Christopher Wilks* 1, Jonathan Ling 2, Rone Charles 1, Ben Langmead 1,  Department of Computer Science, Johns Hopkins University,  Department of Neuroscience, Johns Hopkins University
As more and larger genomics studies appear, there is a growing need for comprehensive and queryable cross-study summaries. Such summaries make it easy for researchers to reproduce past studies, combine data in new ways, and test hypotheses using vast datasets that would otherwise be too expensive or difficult to obtain. We previously created Snaptron, a resource and software tool allowing researchers to pose sophisticated mRNA-splicing-related queries and quickly (within seconds) obtain results summarized across tens of thousands of public run accessions. Building on this foundation, here we discuss the successor to Snaptron, Snaptron2. Beyond the junction data indexed by Snaptron, Snaptron2 indexes gene, exon, and base-level coverage across 100,000 bulk samples and single-cell accessions. Like Snaptron, sample metadata is also indexed and queryable. Here we describe Snaptron2 and its indexing and query strategies. We show its utility by applying it in a few scientific investigations that benefit from many archived datasets. First, we use the indexed base-level coverage data to confirm novel transcription start sites (TSS) found in a comparison of 5′ sequencing assays. Second, we re-investigate genomewide intron retention studies in TCGA and GTEx. Third, we conduct a screen of all repetitive elements, tallying evidence of novel exon splicing associated with specific tissues/diseases. Finally we target single-cell RNA (scRNA) studies as separate Snaptron2 compilations as well as make them available in the recount resource. Combining the per-base coverage resolution with the specificity of scRNA studies, Snaptron2 can aid the development of scRNA tools for quickly aggregating the expression of a specific gene or genes across many or even all cells and/or cellular subtypes.

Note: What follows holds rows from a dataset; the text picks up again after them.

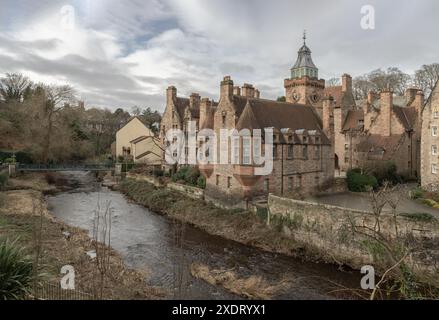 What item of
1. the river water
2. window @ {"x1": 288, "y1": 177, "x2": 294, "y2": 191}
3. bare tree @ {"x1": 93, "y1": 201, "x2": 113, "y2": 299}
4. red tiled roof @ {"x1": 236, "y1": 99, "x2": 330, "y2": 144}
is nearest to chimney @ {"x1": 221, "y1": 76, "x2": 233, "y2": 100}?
red tiled roof @ {"x1": 236, "y1": 99, "x2": 330, "y2": 144}

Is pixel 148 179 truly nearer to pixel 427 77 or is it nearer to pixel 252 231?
pixel 252 231

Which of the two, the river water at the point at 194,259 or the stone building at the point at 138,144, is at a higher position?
the stone building at the point at 138,144

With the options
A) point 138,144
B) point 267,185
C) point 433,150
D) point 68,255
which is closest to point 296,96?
point 433,150

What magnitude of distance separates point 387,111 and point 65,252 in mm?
30271

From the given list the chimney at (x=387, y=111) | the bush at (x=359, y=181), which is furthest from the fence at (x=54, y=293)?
the chimney at (x=387, y=111)

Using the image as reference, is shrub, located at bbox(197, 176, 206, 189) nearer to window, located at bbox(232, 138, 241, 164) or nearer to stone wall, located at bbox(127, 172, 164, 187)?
window, located at bbox(232, 138, 241, 164)

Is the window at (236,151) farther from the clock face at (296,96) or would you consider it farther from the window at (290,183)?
the clock face at (296,96)

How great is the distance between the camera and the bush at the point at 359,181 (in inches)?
1137

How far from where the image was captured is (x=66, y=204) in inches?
1227

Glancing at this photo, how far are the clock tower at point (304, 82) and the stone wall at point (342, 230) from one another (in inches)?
781

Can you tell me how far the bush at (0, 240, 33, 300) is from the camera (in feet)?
27.5

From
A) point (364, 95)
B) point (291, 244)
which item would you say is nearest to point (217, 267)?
point (291, 244)

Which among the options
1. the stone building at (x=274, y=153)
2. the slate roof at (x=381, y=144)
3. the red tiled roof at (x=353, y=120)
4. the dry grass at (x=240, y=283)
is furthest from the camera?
the red tiled roof at (x=353, y=120)

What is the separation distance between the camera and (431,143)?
2595 cm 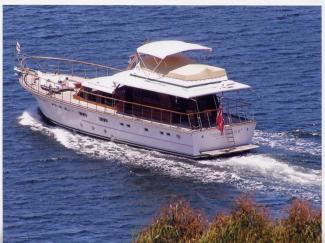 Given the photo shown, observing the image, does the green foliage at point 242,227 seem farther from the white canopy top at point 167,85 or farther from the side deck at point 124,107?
the side deck at point 124,107

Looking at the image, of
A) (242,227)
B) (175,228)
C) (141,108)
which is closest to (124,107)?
(141,108)

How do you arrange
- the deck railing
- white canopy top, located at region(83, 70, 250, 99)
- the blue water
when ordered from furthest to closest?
the deck railing < white canopy top, located at region(83, 70, 250, 99) < the blue water

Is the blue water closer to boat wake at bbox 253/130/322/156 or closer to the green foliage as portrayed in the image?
boat wake at bbox 253/130/322/156

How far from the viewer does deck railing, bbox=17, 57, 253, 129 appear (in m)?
46.0

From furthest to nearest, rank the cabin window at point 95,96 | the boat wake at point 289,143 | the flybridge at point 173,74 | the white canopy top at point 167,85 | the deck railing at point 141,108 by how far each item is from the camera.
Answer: the cabin window at point 95,96
the deck railing at point 141,108
the flybridge at point 173,74
the white canopy top at point 167,85
the boat wake at point 289,143

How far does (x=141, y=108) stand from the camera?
46.9 meters

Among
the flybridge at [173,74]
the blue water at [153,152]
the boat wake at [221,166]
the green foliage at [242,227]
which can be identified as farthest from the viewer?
the flybridge at [173,74]

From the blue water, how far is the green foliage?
4.91 meters

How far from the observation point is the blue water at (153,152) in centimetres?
4091

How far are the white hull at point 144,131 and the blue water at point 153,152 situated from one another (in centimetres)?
40

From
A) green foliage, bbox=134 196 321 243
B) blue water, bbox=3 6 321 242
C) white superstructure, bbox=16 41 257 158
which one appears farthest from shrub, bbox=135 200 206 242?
white superstructure, bbox=16 41 257 158

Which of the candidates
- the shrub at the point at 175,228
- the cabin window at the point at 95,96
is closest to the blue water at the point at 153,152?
the cabin window at the point at 95,96

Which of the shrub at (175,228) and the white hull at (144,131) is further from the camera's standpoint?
the white hull at (144,131) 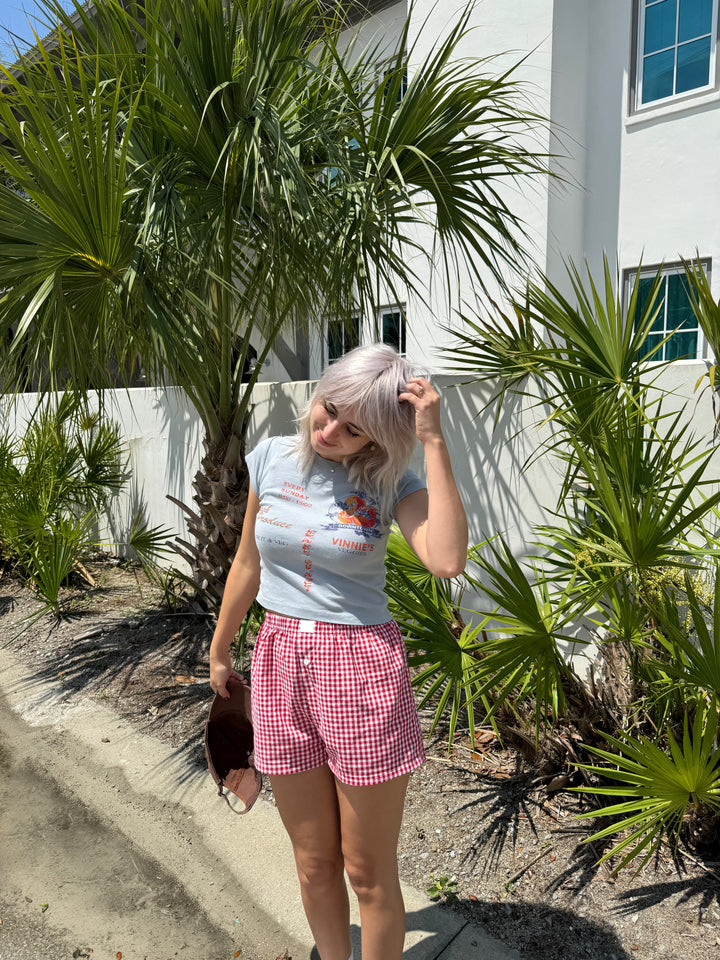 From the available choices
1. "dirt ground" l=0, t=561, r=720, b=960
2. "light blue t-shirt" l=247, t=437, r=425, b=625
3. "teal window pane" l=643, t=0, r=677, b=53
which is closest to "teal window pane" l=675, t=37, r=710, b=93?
"teal window pane" l=643, t=0, r=677, b=53

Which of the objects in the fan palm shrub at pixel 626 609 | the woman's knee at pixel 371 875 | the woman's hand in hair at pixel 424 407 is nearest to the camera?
the woman's hand in hair at pixel 424 407

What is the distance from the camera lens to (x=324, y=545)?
68.3 inches

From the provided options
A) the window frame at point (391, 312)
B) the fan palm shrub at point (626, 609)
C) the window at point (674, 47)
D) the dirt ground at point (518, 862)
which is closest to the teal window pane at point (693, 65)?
the window at point (674, 47)

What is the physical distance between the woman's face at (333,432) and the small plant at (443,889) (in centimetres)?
175

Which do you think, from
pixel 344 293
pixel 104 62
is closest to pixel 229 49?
pixel 104 62

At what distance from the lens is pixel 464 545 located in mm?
1676

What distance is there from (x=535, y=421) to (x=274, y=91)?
2028 millimetres

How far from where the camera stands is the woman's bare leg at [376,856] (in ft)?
→ 5.68

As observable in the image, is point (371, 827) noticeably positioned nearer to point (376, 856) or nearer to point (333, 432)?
point (376, 856)

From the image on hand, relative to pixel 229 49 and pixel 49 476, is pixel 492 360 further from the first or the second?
pixel 49 476

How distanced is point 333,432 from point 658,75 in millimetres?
7162

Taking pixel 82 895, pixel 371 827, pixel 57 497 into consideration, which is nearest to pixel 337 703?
pixel 371 827

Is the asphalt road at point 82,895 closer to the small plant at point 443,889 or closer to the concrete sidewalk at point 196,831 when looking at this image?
the concrete sidewalk at point 196,831

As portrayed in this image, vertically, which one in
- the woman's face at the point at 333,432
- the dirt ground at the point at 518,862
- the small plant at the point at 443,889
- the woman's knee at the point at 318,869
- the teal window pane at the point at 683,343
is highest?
the teal window pane at the point at 683,343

Overall, Snaptron2 is a unique resource and tool that can answer sophisticated transcription-related queries while leveraging tens of thousands of valuable public sequencing datasets.
1. Wilks, C, Gaddipati, P, Nellore, A, Langmead, B (2018). Snaptron: querying splicing patterns across tens of thousands of RNA-seq samples. Bioinformatics, 34, 1:114-116.
2. Adiconis, X, Haber, AL, Simmons, SK, Levy Moonshine, A, Ji, Z, Busby, MA, Shi, X, Jacques, J, Lancaster, MA, Pan, JQ, Regev, A, Levin, JZ (2018). Comprehensive comparative analysis of 5′-end RNA-sequencing methods. Nat. Methods, 15, 7:505-511.
3. Collado-Torres, L, Nellore, A, Kammers, K, Ellis, SE, Taub, MA, Hansen, KD, Jaffe, AE, Langmead, B, Leek, JT (2017). Reproducible RNA-seq analysis using recount2. Nat. Biotechnol., 35, 4:319-321.